Task goal:
Transcribe exactly, and only, the lines from the one containing "на Times Square" through the last line of the data.

Excerpts from a dataset:
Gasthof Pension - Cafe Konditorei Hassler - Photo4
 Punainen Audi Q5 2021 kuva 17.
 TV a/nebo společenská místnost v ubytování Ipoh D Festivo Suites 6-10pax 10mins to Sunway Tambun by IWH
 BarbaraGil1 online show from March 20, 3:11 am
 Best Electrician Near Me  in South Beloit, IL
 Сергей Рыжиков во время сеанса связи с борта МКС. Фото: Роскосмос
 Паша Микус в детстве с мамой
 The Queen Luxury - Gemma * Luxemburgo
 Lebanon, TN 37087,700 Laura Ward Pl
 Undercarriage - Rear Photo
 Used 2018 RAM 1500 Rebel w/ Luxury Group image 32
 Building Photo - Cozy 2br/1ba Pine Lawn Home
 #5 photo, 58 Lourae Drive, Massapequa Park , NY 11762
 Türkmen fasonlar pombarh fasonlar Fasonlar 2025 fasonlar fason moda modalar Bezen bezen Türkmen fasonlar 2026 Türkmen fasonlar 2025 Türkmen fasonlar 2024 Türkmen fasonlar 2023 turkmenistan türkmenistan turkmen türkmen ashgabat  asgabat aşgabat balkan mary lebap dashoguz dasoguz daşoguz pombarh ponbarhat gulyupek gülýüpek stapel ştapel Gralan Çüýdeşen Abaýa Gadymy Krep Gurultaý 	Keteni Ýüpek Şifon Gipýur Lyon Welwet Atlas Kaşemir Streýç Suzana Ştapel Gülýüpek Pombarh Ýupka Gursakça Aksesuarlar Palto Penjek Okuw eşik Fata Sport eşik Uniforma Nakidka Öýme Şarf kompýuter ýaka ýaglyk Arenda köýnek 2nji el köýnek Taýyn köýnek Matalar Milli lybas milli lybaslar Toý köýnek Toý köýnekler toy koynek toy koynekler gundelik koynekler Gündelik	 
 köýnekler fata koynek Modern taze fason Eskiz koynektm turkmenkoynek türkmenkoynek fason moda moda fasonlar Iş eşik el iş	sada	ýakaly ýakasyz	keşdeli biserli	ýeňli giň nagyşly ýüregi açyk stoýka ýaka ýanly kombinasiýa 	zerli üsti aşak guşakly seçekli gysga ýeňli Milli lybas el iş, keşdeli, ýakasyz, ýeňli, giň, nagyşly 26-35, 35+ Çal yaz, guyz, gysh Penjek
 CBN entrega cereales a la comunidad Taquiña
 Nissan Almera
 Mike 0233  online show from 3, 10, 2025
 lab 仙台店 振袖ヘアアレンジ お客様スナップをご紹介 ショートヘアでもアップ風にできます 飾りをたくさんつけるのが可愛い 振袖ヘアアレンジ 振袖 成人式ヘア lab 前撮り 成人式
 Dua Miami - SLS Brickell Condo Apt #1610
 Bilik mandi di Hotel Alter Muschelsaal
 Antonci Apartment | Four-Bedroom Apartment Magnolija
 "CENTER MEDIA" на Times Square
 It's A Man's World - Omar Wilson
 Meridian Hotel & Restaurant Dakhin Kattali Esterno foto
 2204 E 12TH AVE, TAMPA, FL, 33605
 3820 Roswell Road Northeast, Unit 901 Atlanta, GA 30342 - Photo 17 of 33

Output below:
 "CENTER MEDIA" на Times Square
 It's A Man's World - Omar Wilson
 Meridian Hotel & Restaurant Dakhin Kattali Esterno foto
 2204 E 12TH AVE, TAMPA, FL, 33605
 3820 Roswell Road Northeast, Unit 901 Atlanta, GA 30342 - Photo 17 of 33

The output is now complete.